De otro lado esta Narrative Science; un software, bien puede ser considerado como inteligencia artificial, que permite ‘redactar‘ noticias en base al análisis, realizado por complejos algoritmos, de un conjunto de datos. Según el artículo, la revista Forbes viene utilizándolo en sus secciones económicas y deportivas.

Interpretación, redacción y ética: la tecnología no los reemplaza.

Sin duda alguna, son grandes avances tecnológicos y brindan beneficios, como los mencionados en los párrafos anteriores. El principal problema se puede suscitar si se depende exclusivamente de este tipo de tecnologías para elaborar las noticias.

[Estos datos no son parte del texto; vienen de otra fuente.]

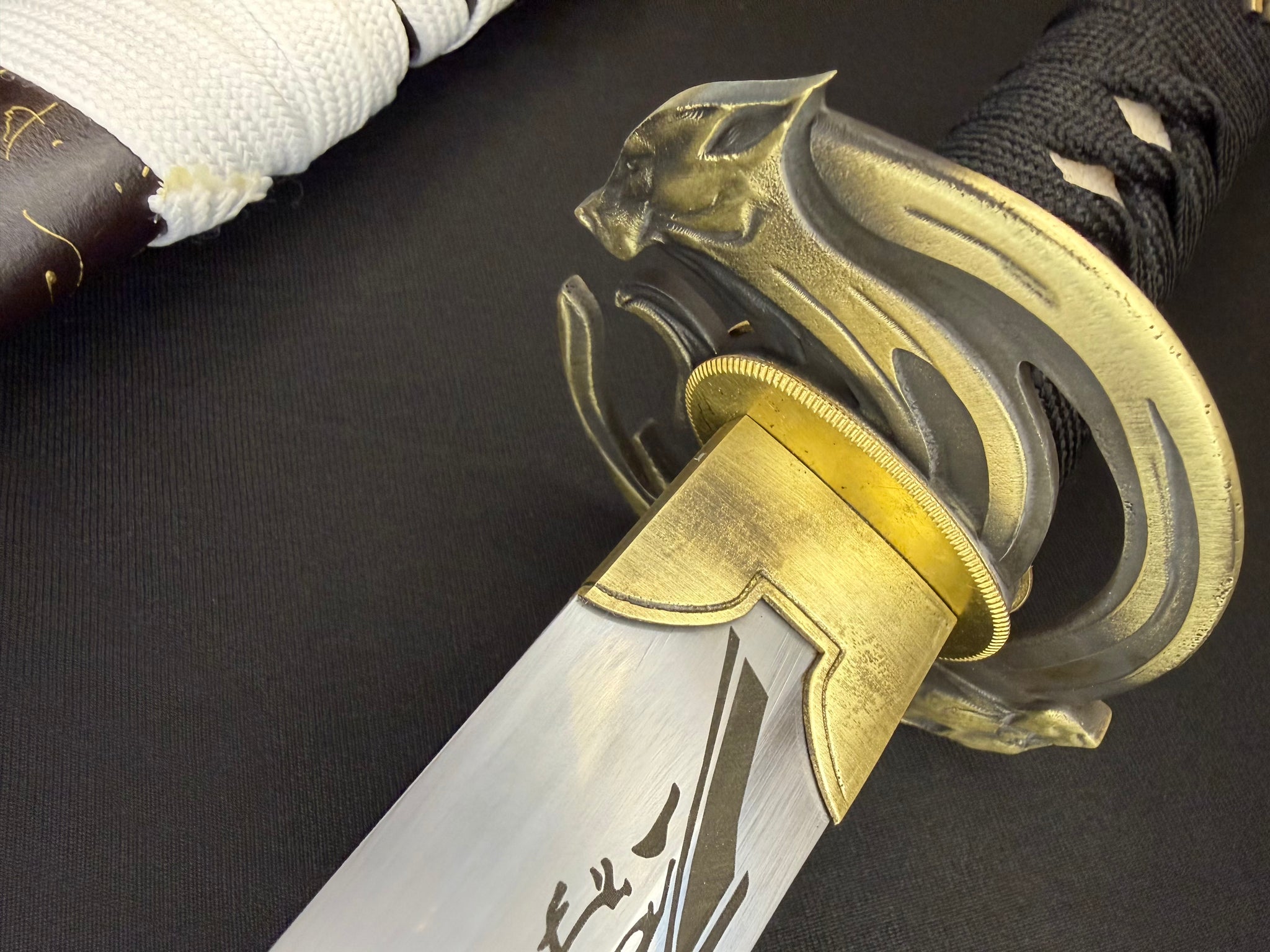 Phoenix Armory Katana - Premium Ghost of Yotei Lone Wolf Father Sword T10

El que un software pueda analizar datos mediante algoritmos, o cualquier otro proceso informático, y en base a sus resultados escoja, de otra base de datos sin duda, las palabras para ‘redactar‘ un artículo; no puede ser considerado como práctica de periodismo. Considero que la redacción, y por ello la ponía entre comillas, puede ser realizada solo por los periodistas; pues no depende exclusivamente del análisis sistemático, o matemático, de datos, se necesita confrontarlos con la realidad, con la sociedad, de donde fueron tomados, y producto de esa confrontación dar una opinión. Aquello, pienso yo, puede ser realizado sólo por un periodista.

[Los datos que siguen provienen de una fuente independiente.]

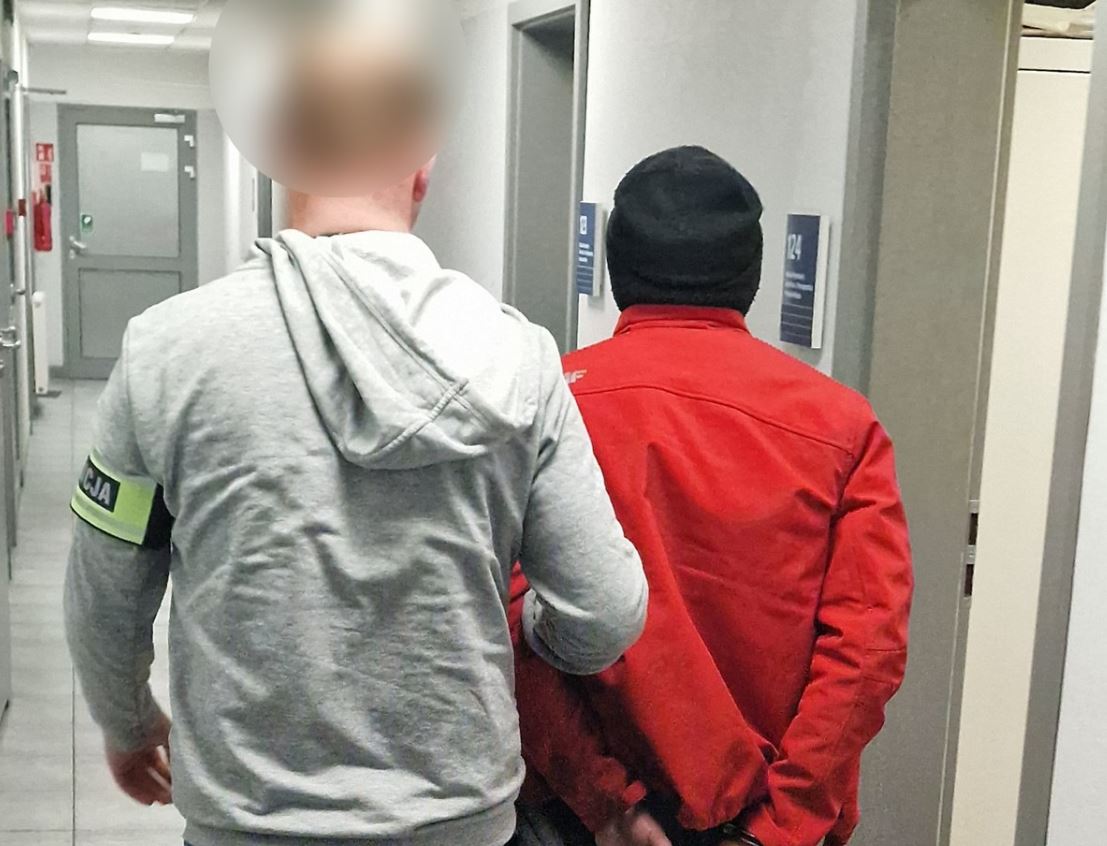 List gończy i wieloletnie wyroki. Seria zatrzymań w powiecie wejherowskim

No niego la eficacia que puede tener un determinado software al momento de evaluar datos o variables; siguiendo determinados pasos que la ingeniería ha trazado. Se puede obtener rápidamente resultados o estadísticas que un periodista tardaría en conseguir, pero es el periodista quién debe tomar los resultados, analizarlos y redactar su opinión, artículo, crónica o nota. Debe ser una suma de los resultados, del software, y la interpretación de los resultados, por parte del periodista.

Ética, punto crucial.

La tecnología no obliga a sobrepasar la ética periodística.
Ilustraciones publicadas de Xoan Baltar | Flickr.com

Por otro lado, y lo considero algo más polémico aún, está la ética frente al uso de estos vehículos que permiten tener acceso visual a cualquier lugar. Y precisamente es ese ‘cualquier lugar’ el que provoca suspicacias. Es una herramienta demasiado poderosa, que brindaría a muchos periodistas, que no distinguen el límite entre la vida pública o privada, entre el investigar y el acosar; los medios suficientes para hostigar a quien fuera el blanco de sus noticias. Todo con tal de conseguir la primicia.

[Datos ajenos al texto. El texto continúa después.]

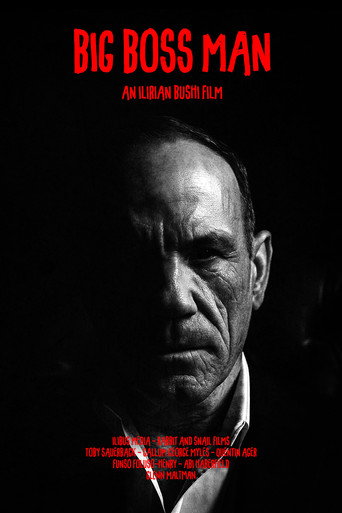 Póster de BIG BOSS MAN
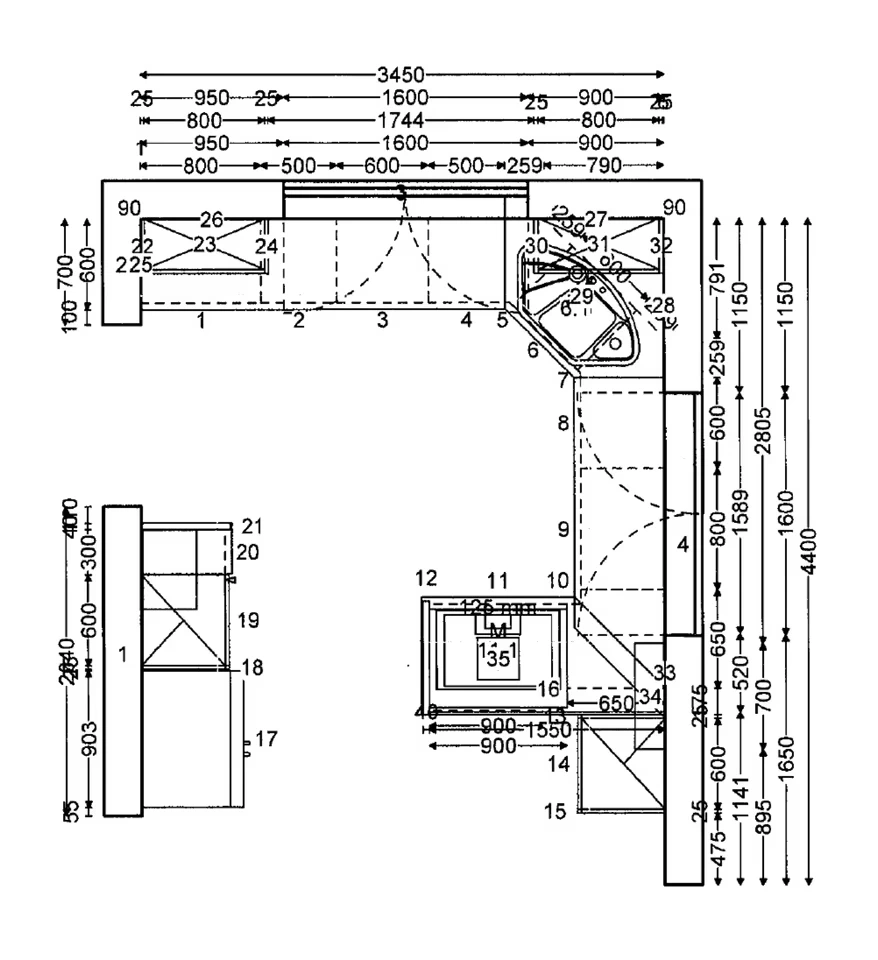 Moderní kuchyně (0802.27) - 9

No se debe olvidar, nunca, que para conseguir una información no se tiene que sobrepasar los derechos de las personas. Esto incluye el derecho a la privacidad de ciertos detalles de su vida. No creo en ello de conseguir la información sea como sea; cayendo de esa manera en faltas a la ética profesional.

Por último, como toda tecnología, existen sus puntos positivos, que benefician de sobremanera a la sociedad, en este caso en particular al periodismo. Sin embargo, la tecnología no debe funcionar por sí sola, siempre debe ser aplicada por las personas, y éstas deben aplicarlas correctamente, respetando las leyes, normas y la ética. Sólo así lograran ser cien por ciento productivas a la sociedad. Hasta el siguiente post.